En somme, l’appropriation de « Michel de Swaen » par l’extrême droite comme emblème de la construction d’un nouvel Etat-nation flamand, conduisant à l’amputation du territoire de la République française et à la remise en cause de la République laïque française, ne pouvait que conduire la municipalité de Michel Delbarre à voter la proposition du Conseil d’Administration d’appeler le collège Lucie Aubrac. Par cet acte politique républicain et de gauche la majorité municipale de Dunkerque a affirmé son attachement à l’Etat-nation français que signifie aussi la Résistante Lucie Aubrac. L’UMP locale s’est abstenue : cela en dit long sur sa complicité avec l’extrême droite !

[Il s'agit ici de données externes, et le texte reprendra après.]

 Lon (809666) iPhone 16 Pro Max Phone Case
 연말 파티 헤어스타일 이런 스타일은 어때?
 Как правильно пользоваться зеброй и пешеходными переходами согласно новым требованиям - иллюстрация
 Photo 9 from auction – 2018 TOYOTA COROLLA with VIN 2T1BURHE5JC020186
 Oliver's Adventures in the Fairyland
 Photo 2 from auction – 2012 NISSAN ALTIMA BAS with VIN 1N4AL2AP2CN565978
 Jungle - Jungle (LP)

Les Dunkerquois ont approuvé le choix de Lucie Aubrac puisqu’ils ont réélu la municipalité de Michel Delbarre au 1er tour à 57,8% et avec seulement une abstention de 38%. La liste de l’extrême droite de Philippe Eymery n’a obtenu que 11%, soit 3881 voix, ce qui prouve le faible impact de son discours en faveur l’ethnicité flamande. Il est vrai que vers 1990 les enquêtes estimaient que seuls 5% de la population de la Flandre française utilisaient le flamand quotidiennement ; « quant à la jeune génération, cette dernière a recours au français dans une proportion de 99%, du flamand 1%, et des deux langues 8%. »(7)

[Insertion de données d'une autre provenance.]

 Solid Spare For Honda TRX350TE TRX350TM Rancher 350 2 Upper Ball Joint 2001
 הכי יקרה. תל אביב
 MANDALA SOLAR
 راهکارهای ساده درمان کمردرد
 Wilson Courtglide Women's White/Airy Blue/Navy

Si les républicains, et de gauche et des syndicats en particulier, ont à réfléchir sur la façon de prendre en compte la dimension culturelle flamande au sein de la République laïque française, ils doivent bien mesurer ce qu’ils font en ouvrant la boîte de Pandore du communautarisme ethnique, si pas religieux. Le récent vote des députés (Droites-Gauches) pour inscrire les langues régionales au même titre que le français dans la constitution française et, ce, à l’initiative du Gouvernement Sarkozy- Fillon, s’inscrit dans la logique de Bruxelles de casser la République laïque française, base et cadre des acquis sociaux des salariés et des femmes obtenus à la Libération avec le programme du Conseil National de la Résistance(Sécurité sociale, retraites, Enseignement public laïque gratuit, etc.) que Lucie Aubrac symbolise. Tout est lié !
Ces brefs rappels permettent de comprendre que le nom de Lucie Aubrac pour le collège de Dunkerque est l’emblème de ce combat pour la « République française laïque, féministe et sociale », mais aussi la cause de la haine de ses adversaires et de l’appel à l’assassinat d’un fonctionnaire républicain par un Wido Triquet. Seulement porter plainte contre Wido Triquet est totalement insuffisant. Ce n’est pas une affaire qui relève du Civil ; l’annulation du mariage à Lille pour non-virginité de l’épouse non plus ! Ce sont des enjeux graves de société.
Pierre Baracca
(1). La Voix du Nord, 5 juin 2008, p 4.
(2) Discours de Bertrand Meurisse, site des « Elus identitaires, réseau des élus locaux identitaires et régionalistes »,
http://www.elus-identitaires.com/archive/2007/11/20/michel-de-swaen-une-fierte-dunkerquoise.html
(3). Cf.le site du MNR, au 8 juin 2008 :
http://www.m-n-r.net/dyn_downloads/chene13.pdf
(4). blog de Philippe Eymery, Défi dunkerquois, 8 juin 2008.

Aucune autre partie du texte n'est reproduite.